The World Owes You Nothing
You owe the world everything
Before hanging up on me — think about it.
The roof on your head, the food in your mouth, the clothes on your body — all of that exists because of other people. You think you earned it through going to work every day? But even your workplace was created by someone else. You're a business owner? Your business would not exist if there were no customers or buyers to serve. The hardest work in the world is worthless without other people.
You think you’re a gifted musician? Some kind of other artist? Most likely someone in your family was too. Someone bought you your first guitar, piano, or pencil.
No one did? You earned it yourself by washing the dishes in a restaurant? Who gave you the job? Who paid you? Who had customers that enabled them to pay you?
And the talent itself? Was it in your genes? A gift from God? There must have been something that enabled you to do what you do.
Even the fact that you can use your body to play the instrument isn’t of your making. That body was given to you. You did nothing for it.
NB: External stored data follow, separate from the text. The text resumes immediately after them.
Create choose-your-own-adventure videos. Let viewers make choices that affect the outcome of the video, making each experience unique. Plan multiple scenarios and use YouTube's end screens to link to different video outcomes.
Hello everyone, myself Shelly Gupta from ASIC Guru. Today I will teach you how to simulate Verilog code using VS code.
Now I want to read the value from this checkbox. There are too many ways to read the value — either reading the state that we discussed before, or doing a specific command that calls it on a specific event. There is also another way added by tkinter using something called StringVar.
Not everything is the result of hard work
You’re good-looking and working as a model? You work long hours every day to accomplish your goal? What did you do to get that body?
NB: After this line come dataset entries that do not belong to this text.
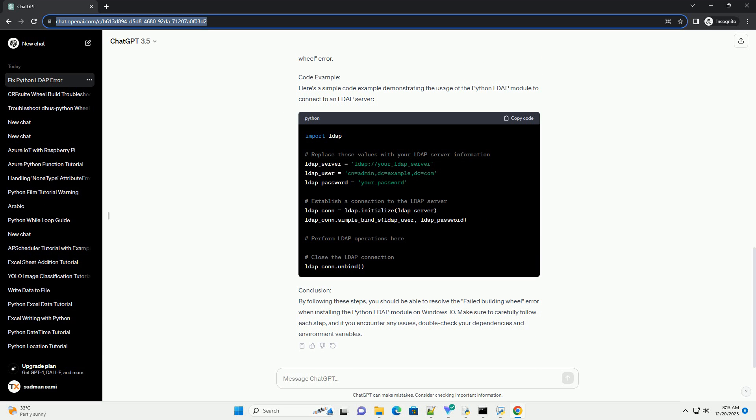Step 3: Install Open LDAP Libraries. To build the Python LDAP Module on Windows, you need to have the Open LDAP Libraries installed. You can download the pre-compiled binaries from the following link: https://www.userbooster.de/en/download/openldap-for-windows.aspx. Make sure to choose the appropriate version that matches your Python version, 32-bit or 64-bit. After downloading, add the Open LDAP bin directory to your system's path environment variable.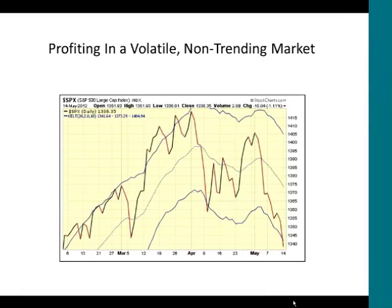Good afternoon, everybody. Thanks for joining us today. I wanted to talk today about profiting in volatile, non-trending markets.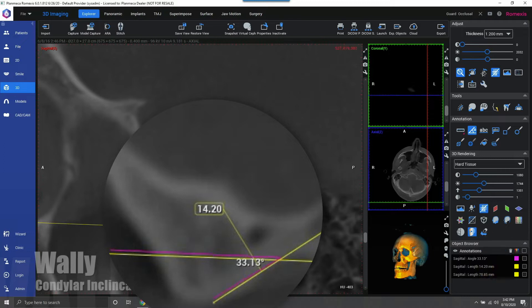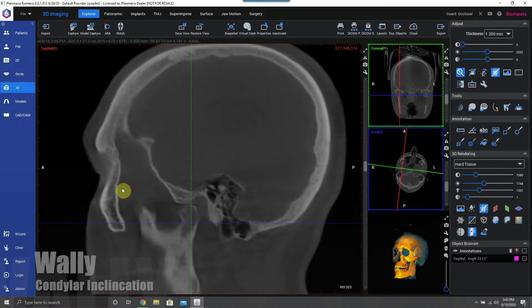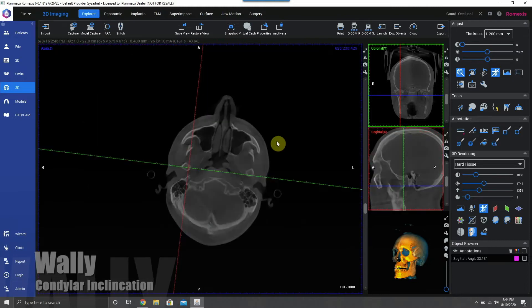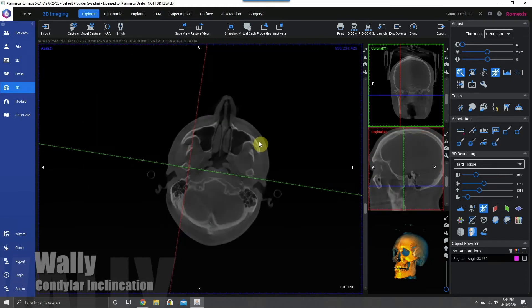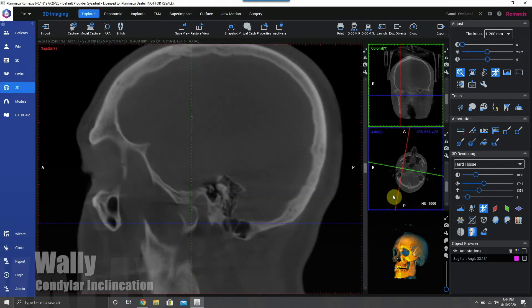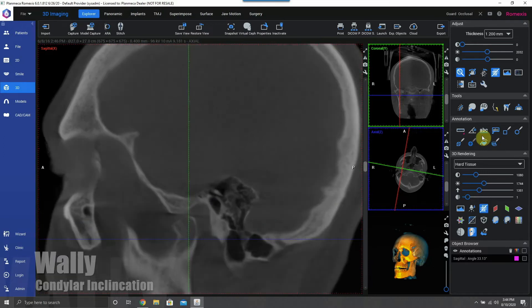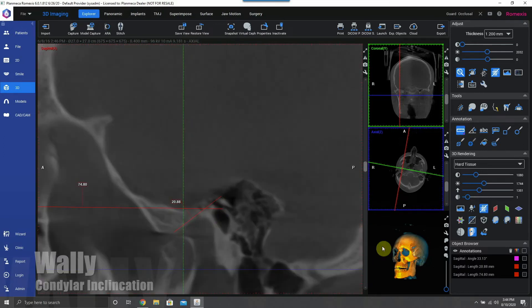We'll save that and then repeat the same steps on the contralateral side, going over to the patient's right side now. You do have to alter the tilt of the patient in order to get the external auditory meatus, the inferior border of the orbit, and the condyle in the perfect cross-sectional plane view.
Does that mean that all effort is worthless and that your success is not the result of hard work, long hours, and sacrifice? Yes, to a large extent that is true. You may be very talented, but if you don’t put in the work, someone else — not half as good as you — will outwork you.
What about the big American entrepreneurs like Elon Musk, Bill Gates, Steve Jobs? If they had been born in the Soviet Union, Africa, Latin America, most parts of Asia — none of that would have materialized. I dare to say that anywhere outside the U.S., their success would have been a fraction of what they have achieved.
Do you really believe that all talented people are exclusively born in the U.S.? All the Zuckerbergs, Dorseys, and Bezoses? No, the work of generations of people allows this to happen. Do you think a Polish Zuckerberg could build Facebook in a couple of years? There’s no capital and logistic infrastructure — support and mindset for doing business — in the world — like in the U.S.
If you’re lucky, you may start out with your idea somewhere abroad, but to have global success, you would eventually need to move your business to the U.S.
I don’t say it’s impossible, but almost impossible.
That’s not the point anyway. The point is that all of these people owe their success in great part to the country they’re born in.
But what about Alibaba founder Jack Ma? He wasn’t born in the U.S.! That doesn’t matter. Imagine how many doors must have been opened for him in order to succeed in a communist country. In countries like the former Soviet Union or Cuba, private ownership - let alone entrepreneurship - was virtually non-existent.
So in order to have a possibility and connection to achieve something like that — a lot of invisible faces had to step in to make it happen. That does not diminish the work of anyone, but it does put it into perspective.
You owe your life to other people
Any success, stands on many shoulders. Your looks, your intelligence, your birthplace, your parents, your school, your environment, war, and peace all play a vital part in what is going to happen in your life.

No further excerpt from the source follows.